What are fake experts?
Fake experts convey the impression of expertise without possessing any actual relevant expertise. Say a data scientist pretending to be a climate scientist - or the other way around. The issue is made even worse if it is a large number of seeming experts that cast doubt on the scientific consensus.
Why is this a problem?
Expertise in one field does not mean one has expertise in another. The idea is rather obvious translated into everyday life: you wouldn’t want your plumber doing vascular surgery on you though they are undoubtedly good at removing stuff from small pipe-like things.
How this has been used successfully by climate change deniers
The Global Warming Petition Project lists over 31,000 Americans with a science degree who state that humans aren’t causing climate change. Impressive, right? Must be something to it if so many scientists have doubts.

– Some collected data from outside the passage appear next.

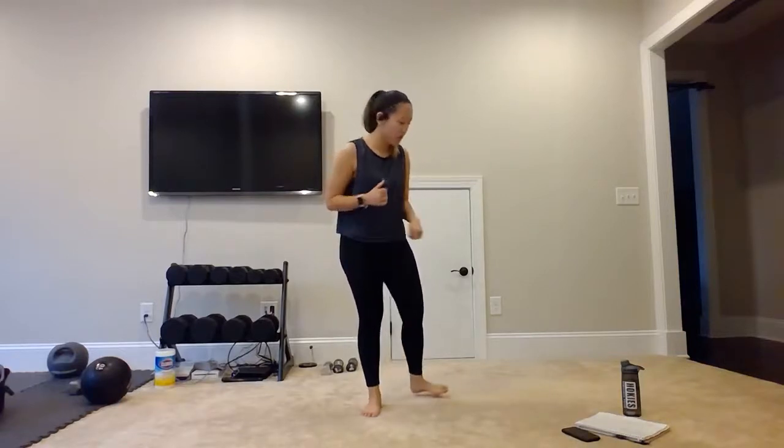We'll be doing 15 reps for each exercise, and then once we finish doing all five of those exercises, we'll get 30 seconds of rest before we start the next round. We'll just keep going all the way until that 10-minute timer is up. So I will go ahead and demo what our five exercises will be, and then we'll get right into it.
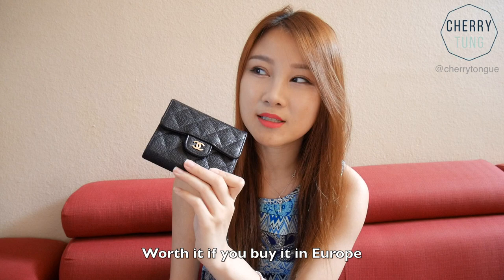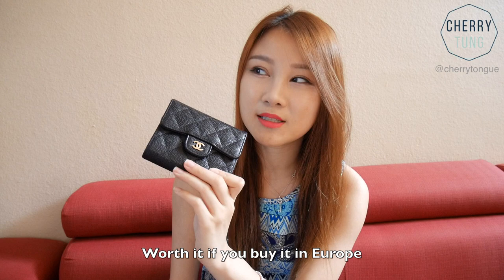Overall, I would say this is worth it if you bought it outside of the US, but if you buy it from the US, in my opinion it's slightly overpriced — especially looking at the wear and tear after three months, which is definitely worse than expected. I wanted this wallet to last many years, but I think I'm going to retire it because it's not wearing well. I hope this video helped. Thank you so much for watching — please thumbs up and subscribe if you haven't. See you guys next time, bye!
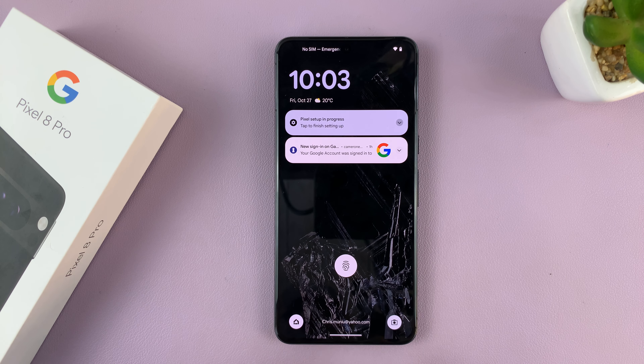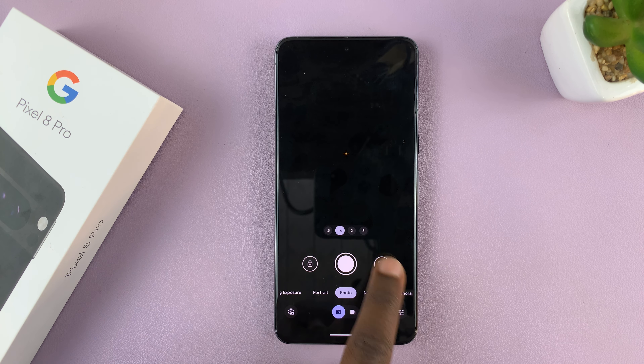Now when you go to the lock screen, you'll have your camera icon on the lock screen. So that's basically how to add the camera shortcut to the lock screen of your Pixel 8 or Pixel 8 Pro.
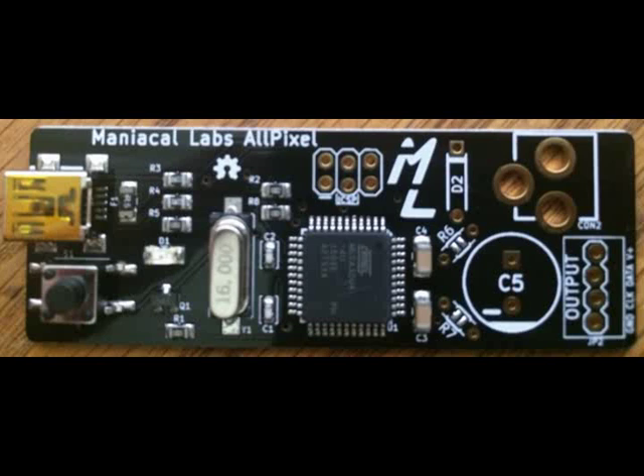One last note: you may need some soldering skills to get this board up and running. Also make sure that the ground on the board is tied to the ground on the power supply. And that should be it — that's the All Pixel board with Light Show Pi.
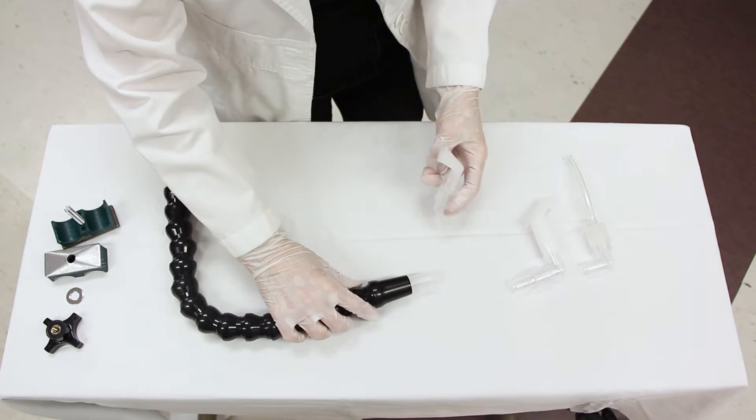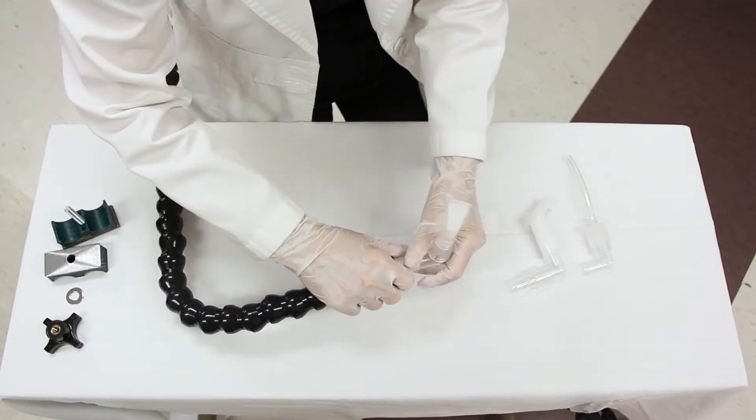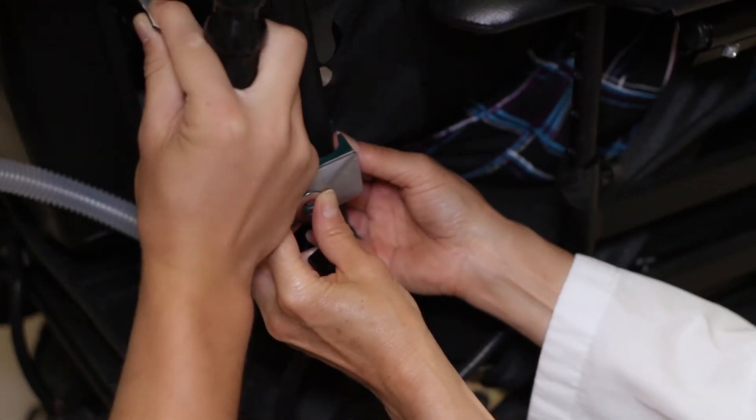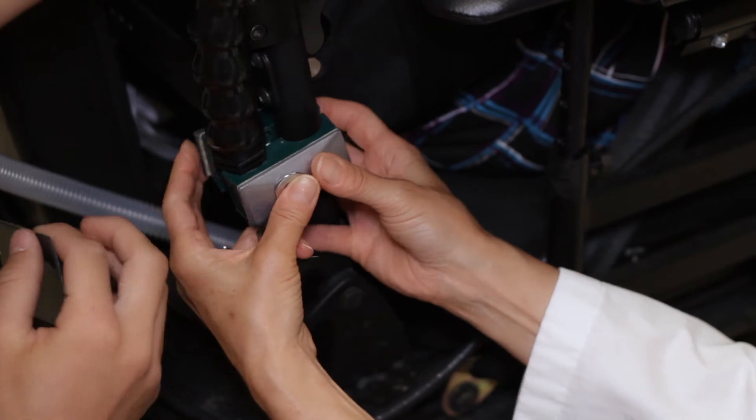Add desirable mouthpiece and angle connectors if required. Identify the most strategic place to mount the CanVent arm to the wheelchair.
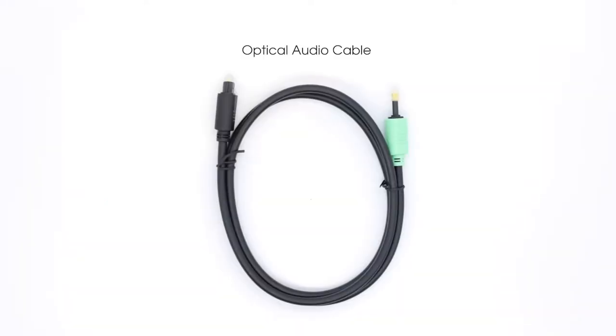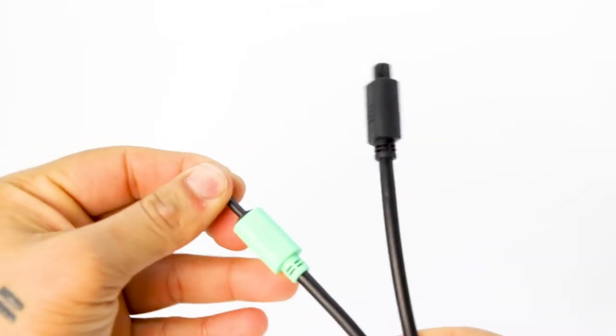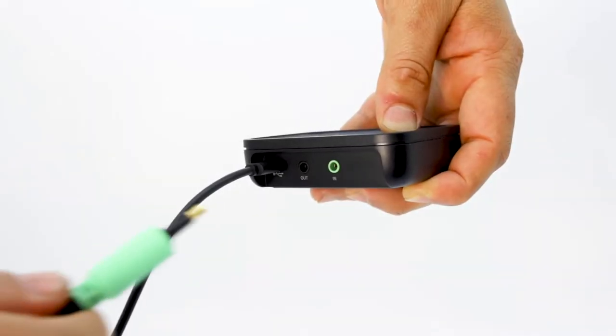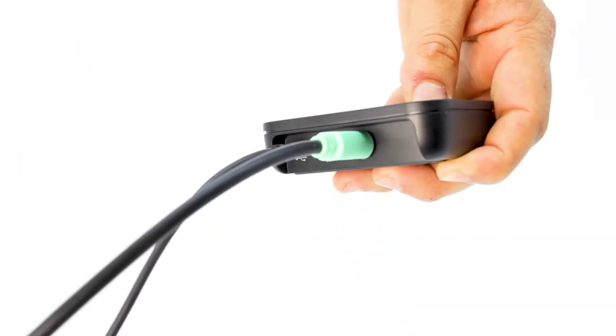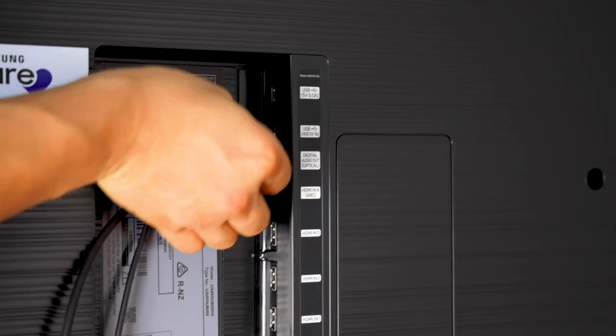then out of your IQ Stream and into your sound bar, creating a full flow of audio for you and for others to enjoy. For a digital connection, use the optical cable provided. It has the thicker ends with small gold tips. Before plugging this cable in, remove the protective caps from each end. Take the green end of the optical cable and plug it into the in port on the back of your IQ Stream.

(On a side note: the 90s called, they want their website design back.)
Not so fast, the problem lies with what it takes to be on the list: a degree in science, any science, e.g. computer science, cancer research, engineering, physics, veterinary medicine, etc. No disrespect to all of these professions but their take on climate change is irrelevant - yet they make up 99.9% of the people on the list and the way this is presented makes us think they are all scientists who are qualified to speak about the topic of climate change.
False experts in CDR
We do see false experts in CDR popping up. Examples include individuals who voice strongly critical positions about CDR and use their Ph.D. or Dr. title, e.g. in their Twitter handles. They at least accept that they are (falsely) perceived as being an expert on carbon removal even if their specialty is medieval Spanish architecture or foot surgery. Doing this isn’t lying or making an outright false claim but clearly, people applying this technique are okay with - or hope for - others assuming they have relevant expertise when they don’t.
Using fake experts is a nefarious technique, it is highly effective and can be hard to counter because it is hard to prove intent.
“Hey, you used your title to make me believe you are a climate scientist, but you are not.”
“Not my problem what you think. I never said I was a climate scientist.”
With fake experts, LinkedIn is your friend. A quick search usually reveals whether the person bashing CDR has any relevant background or not. The question remains what to do and that depends very much on the situation and could include asking what the person’s expertise in climate science is and/or pointing out to others what the person’s specialty is so they aren’t left with the wrong impression.